» **Supplied material**
——————————

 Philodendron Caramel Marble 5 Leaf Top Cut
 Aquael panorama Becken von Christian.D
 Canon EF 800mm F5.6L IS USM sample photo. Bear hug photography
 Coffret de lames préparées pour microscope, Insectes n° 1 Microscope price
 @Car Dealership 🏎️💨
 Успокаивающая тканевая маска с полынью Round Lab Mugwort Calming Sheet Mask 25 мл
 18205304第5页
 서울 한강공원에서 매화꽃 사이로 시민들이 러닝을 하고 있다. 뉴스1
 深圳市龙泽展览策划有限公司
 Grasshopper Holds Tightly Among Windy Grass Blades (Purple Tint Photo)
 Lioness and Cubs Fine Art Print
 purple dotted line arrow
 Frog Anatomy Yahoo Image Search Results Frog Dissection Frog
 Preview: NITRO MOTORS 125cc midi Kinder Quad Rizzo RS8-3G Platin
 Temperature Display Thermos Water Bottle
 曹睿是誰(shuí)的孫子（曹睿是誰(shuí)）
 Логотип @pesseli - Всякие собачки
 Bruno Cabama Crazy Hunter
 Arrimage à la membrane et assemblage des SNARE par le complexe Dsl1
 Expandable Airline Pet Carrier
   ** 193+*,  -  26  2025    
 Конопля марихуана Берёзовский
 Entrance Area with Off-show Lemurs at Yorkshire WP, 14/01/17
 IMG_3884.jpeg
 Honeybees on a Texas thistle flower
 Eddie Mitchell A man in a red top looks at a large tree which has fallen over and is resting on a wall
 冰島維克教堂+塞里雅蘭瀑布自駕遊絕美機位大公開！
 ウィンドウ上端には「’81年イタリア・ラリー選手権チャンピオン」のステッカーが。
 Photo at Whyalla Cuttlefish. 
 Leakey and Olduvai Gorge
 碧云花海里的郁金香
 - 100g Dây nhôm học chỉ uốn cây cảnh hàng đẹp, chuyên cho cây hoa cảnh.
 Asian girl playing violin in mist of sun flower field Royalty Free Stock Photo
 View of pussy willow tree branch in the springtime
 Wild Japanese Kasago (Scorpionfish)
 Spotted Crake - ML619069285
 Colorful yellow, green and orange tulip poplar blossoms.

——————————

» **Exercise**
Return the listing above verbatim.

» **The answer**
 Philodendron Caramel Marble 5 Leaf Top Cut
 Aquael panorama Becken von Christian.D
 Canon EF 800mm F5.6L IS USM sample photo. Bear hug photography
 Coffret de lames préparées pour microscope, Insectes n° 1 Microscope price
 @Car Dealership 🏎️💨
 Успокаивающая тканевая маска с полынью Round Lab Mugwort Calming Sheet Mask 25 мл
 18205304第5页
 서울 한강공원에서 매화꽃 사이로 시민들이 러닝을 하고 있다. 뉴스1
 深圳市龙泽展览策划有限公司
 Grasshopper Holds Tightly Among Windy Grass Blades (Purple Tint Photo)
 Lioness and Cubs Fine Art Print
 purple dotted line arrow
 Frog Anatomy Yahoo Image Search Results Frog Dissection Frog
 Preview: NITRO MOTORS 125cc midi Kinder Quad Rizzo RS8-3G Platin
 Temperature Display Thermos Water Bottle
 曹睿是誰(shuí)的孫子（曹睿是誰(shuí)）
 Логотип @pesseli - Всякие собачки
 Bruno Cabama Crazy Hunter
 Arrimage à la membrane et assemblage des SNARE par le complexe Dsl1
 Expandable Airline Pet Carrier
   ** 193+*,  -  26  2025    
 Конопля марихуана Берёзовский
 Entrance Area with Off-show Lemurs at Yorkshire WP, 14/01/17
 IMG_3884.jpeg
 Honeybees on a Texas thistle flower
 Eddie Mitchell A man in a red top looks at a large tree which has fallen over and is resting on a wall
 冰島維克教堂+塞里雅蘭瀑布自駕遊絕美機位大公開！
 ウィンドウ上端には「’81年イタリア・ラリー選手権チャンピオン」のステッカーが。
 Photo at Whyalla Cuttlefish. 
 Leakey and Olduvai Gorge
 碧云花海里的郁金香
 - 100g Dây nhôm học chỉ uốn cây cảnh hàng đẹp, chuyên cho cây hoa cảnh.
 Asian girl playing violin in mist of sun flower field Royalty Free Stock Photo
 View of pussy willow tree branch in the springtime
 Wild Japanese Kasago (Scorpionfish)
 Spotted Crake - ML619069285
 Colorful yellow, green and orange tulip poplar blossoms.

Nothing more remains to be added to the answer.